In a move that should help to keep innovation from being stifled, Judge Alsup, the judge presiding over the Oracle v Google trial, has ruled that sequence, structure, and organization (SSO) is not covered by today's copyright law. This, in turn, allowed him to dismiss the claims by Oracle of Google infringing on their copyright.
Instead of creating a massive precedent by making a wide ruling, Judge Alsup focused very narrowly on specific factors in the case which lead to the decision. This way he didn't create a massive precedent. He has also been very careful throughout the trial. So even though appeals are possible, it is likely his decision will be upheld.
From the judge's ruling:
In closing, it is important to step back and take in the breadth of Oracle's claim. Of the 166 Java packages, 129 were not violated in any way. Of the 37 accused, 97 percent of the Android lines were new from Google and the remaining three percent were freely replicable under the merger and names doctrines. Oracle must resort, therefore, to claiming that it owns, by copyright, the exclusive right to any and all possible implementations of the taxonomy-like command structure for the 166 packages and/or any subpart thereof - even though it copyrighted only one implementation. To accept Oracle's claim would be to allow anyone to copyright one version of code to carry out a system of commands and thereby bar all others from writing their own different versions to carry out all or part of the same commands. No holding has ever endorsed such a sweeping proposition.
The main gist of that is that it is not copyrightable just the way that math is not copyrightable. Think for a minute if math was copyrightable? Where would we be? Newton and that other guy would still be in court, well at least their decedents would be, fighting over who invented Calculus. We'd still be in the stone age!
Google has provided a statement:
The court's decision upholds the principle that open and interoperable computer languages form an essential basis for software development. It's a good day for collaboration and innovation.

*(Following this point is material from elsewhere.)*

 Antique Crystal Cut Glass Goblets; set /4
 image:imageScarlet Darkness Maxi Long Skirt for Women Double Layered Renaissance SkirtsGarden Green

Oracle too has provided a statement:
Oracle is committed to the protection of Java as both a valuable development platform and a valuable intellectual property asset. It will vigorously pursue an appeal of this decision in order to maintain that protection and to continue to support the broader Java community of over 9 million developers and countless law abiding enterprises. Google's implementation of the accused APIs is not a free pass, since a license has always been required for an implementation of the Java Specification. And the court's reliance on "interoperability" ignores the undisputed fact that Google deliberately eliminated interoperability between Android and all other Java platforms. Google's implementation intentionally fragmented Java and broke the "write once, run anywhere" promise. This ruling, if permitted to stand, would undermine the protection for innovation and invention in the United States and make it far more difficult to defend intellectual property rights against companies anywhere in the world that simply takes them as their own.